• _YOUR TASK_:
Quote, word for word, every line starting at the line that contains "DEWALT ATOMIC 20V" and ending with the last line of the records; include both of these lines and no others.

··· MATERIAL PROVIDED

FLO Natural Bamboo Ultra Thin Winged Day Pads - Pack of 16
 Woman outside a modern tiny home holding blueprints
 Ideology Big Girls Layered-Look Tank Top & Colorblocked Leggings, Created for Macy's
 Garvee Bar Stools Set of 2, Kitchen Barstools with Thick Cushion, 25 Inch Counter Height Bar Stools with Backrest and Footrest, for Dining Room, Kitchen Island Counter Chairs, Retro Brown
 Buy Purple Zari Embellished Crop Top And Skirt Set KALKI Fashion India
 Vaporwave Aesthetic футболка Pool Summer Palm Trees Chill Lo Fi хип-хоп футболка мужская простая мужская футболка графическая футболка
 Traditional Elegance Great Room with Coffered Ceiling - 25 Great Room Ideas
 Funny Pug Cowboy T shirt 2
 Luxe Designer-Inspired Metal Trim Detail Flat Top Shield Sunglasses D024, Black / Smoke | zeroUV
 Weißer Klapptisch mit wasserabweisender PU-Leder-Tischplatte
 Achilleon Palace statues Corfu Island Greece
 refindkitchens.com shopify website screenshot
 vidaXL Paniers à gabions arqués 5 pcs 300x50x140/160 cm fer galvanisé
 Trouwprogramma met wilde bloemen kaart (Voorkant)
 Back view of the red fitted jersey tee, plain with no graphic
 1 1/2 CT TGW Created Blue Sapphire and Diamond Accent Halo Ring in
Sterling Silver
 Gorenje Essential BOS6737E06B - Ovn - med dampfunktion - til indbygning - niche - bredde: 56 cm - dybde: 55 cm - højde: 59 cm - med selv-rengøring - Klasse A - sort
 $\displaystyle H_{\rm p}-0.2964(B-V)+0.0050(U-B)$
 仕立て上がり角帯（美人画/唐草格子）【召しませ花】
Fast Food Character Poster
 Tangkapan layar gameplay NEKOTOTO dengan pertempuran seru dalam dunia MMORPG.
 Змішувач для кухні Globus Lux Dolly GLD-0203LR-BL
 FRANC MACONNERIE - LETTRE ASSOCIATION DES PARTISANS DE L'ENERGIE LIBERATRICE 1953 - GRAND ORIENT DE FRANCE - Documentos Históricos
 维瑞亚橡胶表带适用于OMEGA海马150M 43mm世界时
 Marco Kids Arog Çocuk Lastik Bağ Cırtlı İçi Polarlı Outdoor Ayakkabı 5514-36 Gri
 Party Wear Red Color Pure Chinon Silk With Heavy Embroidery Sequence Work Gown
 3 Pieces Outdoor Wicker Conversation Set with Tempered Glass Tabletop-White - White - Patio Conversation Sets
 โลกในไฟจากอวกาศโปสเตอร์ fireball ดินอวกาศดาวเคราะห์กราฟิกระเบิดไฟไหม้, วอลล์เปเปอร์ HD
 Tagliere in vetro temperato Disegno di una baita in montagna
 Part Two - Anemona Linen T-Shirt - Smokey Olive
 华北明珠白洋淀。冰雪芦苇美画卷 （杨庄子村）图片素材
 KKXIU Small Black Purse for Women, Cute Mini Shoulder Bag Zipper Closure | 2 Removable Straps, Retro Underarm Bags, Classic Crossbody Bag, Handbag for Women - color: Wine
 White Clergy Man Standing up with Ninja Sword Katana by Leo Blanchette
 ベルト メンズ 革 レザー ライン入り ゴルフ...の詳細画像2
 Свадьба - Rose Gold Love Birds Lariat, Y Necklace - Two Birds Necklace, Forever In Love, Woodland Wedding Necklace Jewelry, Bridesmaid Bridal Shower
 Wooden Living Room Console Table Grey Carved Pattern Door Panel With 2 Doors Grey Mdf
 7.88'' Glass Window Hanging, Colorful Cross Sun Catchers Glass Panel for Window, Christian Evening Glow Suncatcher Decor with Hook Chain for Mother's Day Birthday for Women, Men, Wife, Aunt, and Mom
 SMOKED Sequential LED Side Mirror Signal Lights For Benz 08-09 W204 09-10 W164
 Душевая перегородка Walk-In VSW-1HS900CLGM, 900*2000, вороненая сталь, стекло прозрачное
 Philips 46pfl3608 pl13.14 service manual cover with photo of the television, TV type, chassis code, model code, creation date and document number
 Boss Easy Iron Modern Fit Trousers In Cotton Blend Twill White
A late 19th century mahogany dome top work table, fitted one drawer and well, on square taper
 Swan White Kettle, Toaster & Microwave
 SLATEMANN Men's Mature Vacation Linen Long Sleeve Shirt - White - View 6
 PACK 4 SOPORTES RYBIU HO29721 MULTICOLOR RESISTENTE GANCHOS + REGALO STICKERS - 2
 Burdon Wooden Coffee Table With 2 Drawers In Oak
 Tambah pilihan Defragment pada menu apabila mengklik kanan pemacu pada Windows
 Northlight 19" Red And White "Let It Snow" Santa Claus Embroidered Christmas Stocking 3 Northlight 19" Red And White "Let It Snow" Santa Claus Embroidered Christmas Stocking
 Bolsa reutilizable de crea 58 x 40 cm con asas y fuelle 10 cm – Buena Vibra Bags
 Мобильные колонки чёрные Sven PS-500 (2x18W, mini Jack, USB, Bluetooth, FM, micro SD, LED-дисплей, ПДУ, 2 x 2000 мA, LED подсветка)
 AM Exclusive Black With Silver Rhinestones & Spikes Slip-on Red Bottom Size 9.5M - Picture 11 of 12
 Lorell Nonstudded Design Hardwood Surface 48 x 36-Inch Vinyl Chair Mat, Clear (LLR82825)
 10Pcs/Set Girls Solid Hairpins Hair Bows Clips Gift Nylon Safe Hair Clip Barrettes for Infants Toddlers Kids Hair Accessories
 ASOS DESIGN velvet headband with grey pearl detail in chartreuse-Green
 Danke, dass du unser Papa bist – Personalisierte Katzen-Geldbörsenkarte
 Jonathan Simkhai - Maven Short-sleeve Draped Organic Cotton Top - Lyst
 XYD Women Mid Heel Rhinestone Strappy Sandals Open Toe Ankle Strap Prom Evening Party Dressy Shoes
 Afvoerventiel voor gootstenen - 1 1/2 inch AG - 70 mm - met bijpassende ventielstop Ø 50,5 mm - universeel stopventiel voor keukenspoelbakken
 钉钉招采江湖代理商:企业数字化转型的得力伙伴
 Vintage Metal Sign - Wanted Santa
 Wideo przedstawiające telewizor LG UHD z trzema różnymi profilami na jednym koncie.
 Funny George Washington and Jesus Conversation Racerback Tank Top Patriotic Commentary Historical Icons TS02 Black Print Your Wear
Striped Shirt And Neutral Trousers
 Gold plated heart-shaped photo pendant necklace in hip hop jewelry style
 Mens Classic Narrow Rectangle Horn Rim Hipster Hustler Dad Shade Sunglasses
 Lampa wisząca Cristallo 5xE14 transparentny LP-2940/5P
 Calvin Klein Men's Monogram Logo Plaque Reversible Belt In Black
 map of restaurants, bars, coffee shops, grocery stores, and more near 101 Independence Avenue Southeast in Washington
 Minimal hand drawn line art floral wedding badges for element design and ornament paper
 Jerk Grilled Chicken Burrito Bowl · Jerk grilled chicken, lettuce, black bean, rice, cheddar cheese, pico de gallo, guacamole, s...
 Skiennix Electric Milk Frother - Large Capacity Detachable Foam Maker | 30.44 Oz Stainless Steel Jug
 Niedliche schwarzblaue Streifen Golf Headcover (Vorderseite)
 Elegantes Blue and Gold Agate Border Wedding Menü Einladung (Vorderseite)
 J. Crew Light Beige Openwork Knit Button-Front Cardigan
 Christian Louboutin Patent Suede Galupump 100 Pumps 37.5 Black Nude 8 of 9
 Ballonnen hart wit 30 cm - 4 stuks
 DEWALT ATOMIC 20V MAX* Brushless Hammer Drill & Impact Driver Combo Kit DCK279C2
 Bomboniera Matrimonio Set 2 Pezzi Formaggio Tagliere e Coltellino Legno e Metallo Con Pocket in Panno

······

• _REPLY TO THE TASK_:
 DEWALT ATOMIC 20V MAX* Brushless Hammer Drill & Impact Driver Combo Kit DCK279C2
 Bomboniera Matrimonio Set 2 Pezzi Formaggio Tagliere e Coltellino Legno e Metallo Con Pocket in Panno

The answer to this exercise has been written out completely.